Ainsi, « le fait de mettre à disposition d'un tiers, en vue qu'il y établisse son habitation moyennant le versement d'une contribution ou la fourniture de tout avantage en nature, un bien immobilier appartenant à autrui, sans être en mesure de justifier de l'autorisation du propriétaire ou de celle du titulaire du droit d'usage de ce bien » sera désormais puni de trois ans d’emprisonnement et 45.000 € d’amende.

La rédaction de cet article assez méconnu prête à confusion. En le lisant, on a l’impression qu’il réprime toute sous-location non autorisée. Cependant, depuis sa création en 2003, cette disposition n’est effectivement utilisée que pour poursuivre des marchands de sommeil, non des locataires en titre qui sous-louent sans autorisation.



III) Censure du Conseil constitutionnel concernant la mise à l’écart de la responsabilité du propriétaire après la fin du bail ou après un squat


Dans une décision largement commentée ces derniers mois, la Cour de cassation a conclu à la responsabilité du propriétaire dans une affaire où, un garde-corps s’étant descellé, le locataire avait fait une chute, alors même que le locataire avait vu son bail résilié depuis un an par décision de justice (Civ. 2ème,15 septembre 2022, n° 19-26.249).


Comme l’indique le rapporteur Kasbarian, « au-delà du cas d’espèce qui concernait une personne dont le bail avait été résilié par un juge », cette solution risquerait de valoir « également pour les cas de « squat » pur ».
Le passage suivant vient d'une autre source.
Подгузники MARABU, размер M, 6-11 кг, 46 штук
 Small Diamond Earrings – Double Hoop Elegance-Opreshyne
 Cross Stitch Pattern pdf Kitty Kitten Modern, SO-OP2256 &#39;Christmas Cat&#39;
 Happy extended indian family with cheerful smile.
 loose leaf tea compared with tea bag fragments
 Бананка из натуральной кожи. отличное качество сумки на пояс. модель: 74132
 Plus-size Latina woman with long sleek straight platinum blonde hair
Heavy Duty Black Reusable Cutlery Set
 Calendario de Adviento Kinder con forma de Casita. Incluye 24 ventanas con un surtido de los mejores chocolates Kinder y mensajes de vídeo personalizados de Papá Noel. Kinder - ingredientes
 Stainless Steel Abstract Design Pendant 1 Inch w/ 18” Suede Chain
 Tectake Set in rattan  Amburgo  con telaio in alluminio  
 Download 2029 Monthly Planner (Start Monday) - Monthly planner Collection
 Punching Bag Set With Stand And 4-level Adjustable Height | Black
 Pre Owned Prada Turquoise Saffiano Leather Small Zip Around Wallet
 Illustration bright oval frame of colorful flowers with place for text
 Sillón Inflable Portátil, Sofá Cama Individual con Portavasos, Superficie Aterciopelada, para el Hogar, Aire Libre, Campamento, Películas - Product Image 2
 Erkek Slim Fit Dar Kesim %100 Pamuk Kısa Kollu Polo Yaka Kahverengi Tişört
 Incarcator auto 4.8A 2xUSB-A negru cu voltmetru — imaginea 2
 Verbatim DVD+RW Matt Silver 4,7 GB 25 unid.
Aussi, à l’article 1244 du Code civil, qui prévoit le principe de responsabilité du propriétaire en cas de défaut d’entretien, la loi Kasbarian entendait ajouter un alinéa aux termes duquel « l’occupation sans droit ni titre d’un bien immobilier libère son propriétaire de l’obligation d’entretien du bien de sorte que sa responsabilité ne saurait être engagée en cas de dommage résultant d’un défaut d’entretien du bien pendant cette période d’occupation. En cas de dommage causé à un tiers, la responsabilité incombe dès lors à l’occupant sans droit ni titre du bien immobilier."

Le texte aurait toutefois prévu une exception pour l'hypothèse du marchand de sommeil qui propose à la location un logement éminemment indigne avant d’obtenir, plus tard, la résiliation du bail.



Hélas, le Conseil constitutionnel a émis une censure sur ce point. Il semble que ce soit surtout le second aspect du texte, concernant le déplacement de la responsabilité du propriétaire sur la tête de l’occupant en cas de dommage à un tiers, qui a posé problème.

La réforme intéressante de l’article 1244 par le Code civil est donc censurée, mais pourra peut-être revenir sous une autre forme.

En effet, le Conseil Constitutionnel a seulement maintenu l'état du droit en ce domaine et ne ferme pas la porte à un aménagement par le législateur de la répartition des responsabilité tant que "demeurent protégés les droits des tiers victimes de dommages ».


IV) Pérennisation des contrats de résidence temporaire

La loi ELAN de 2018 avait prolongé jusque fin 2023 et « à titre expérimental » un ancien « dispositif visant à assurer la protection et la préservation de locaux vacants par l'occupation de résidents temporaires ».


Ce dispositif fait intervenir deux contrats : un premier contrat entre un propriétaire et un organisme agréé par l’Etat, et un second contrat de résidence temporaire entre l’organisme agréé et des personnes en difficulté. L’organisme s’engage envers le propriétaire à entretenir et protéger contre les intrusions les locaux mis à disposition. Via le contrat de résidence temporaire, l’organisme peut loger temporairement des personnes moyennant une redevance maximale de 200 € par mois, quitte à faire les aménagements nécessaires pour rendre le local considéré habitable.


La loi Kasbarian est venu pérenniser le dispositif. Quelques améliorations sont par ailleurs apportées. L’application de la loi du 6 juillet 1989 concernant l’occupation des locaux par les résidents temporaires est bien évidemment expressément écartée. Par ailleurs, en cas de maintien dans les lieux après le terme du contrat de résidence temporaire, l’expulsion peut être sollicitée auprès du juge par une simple requête. Enfin, les opérations d’expulsion peuvent avoir lieu moins de deux mois après la notification du commandement d’avoir à quitter les lieux.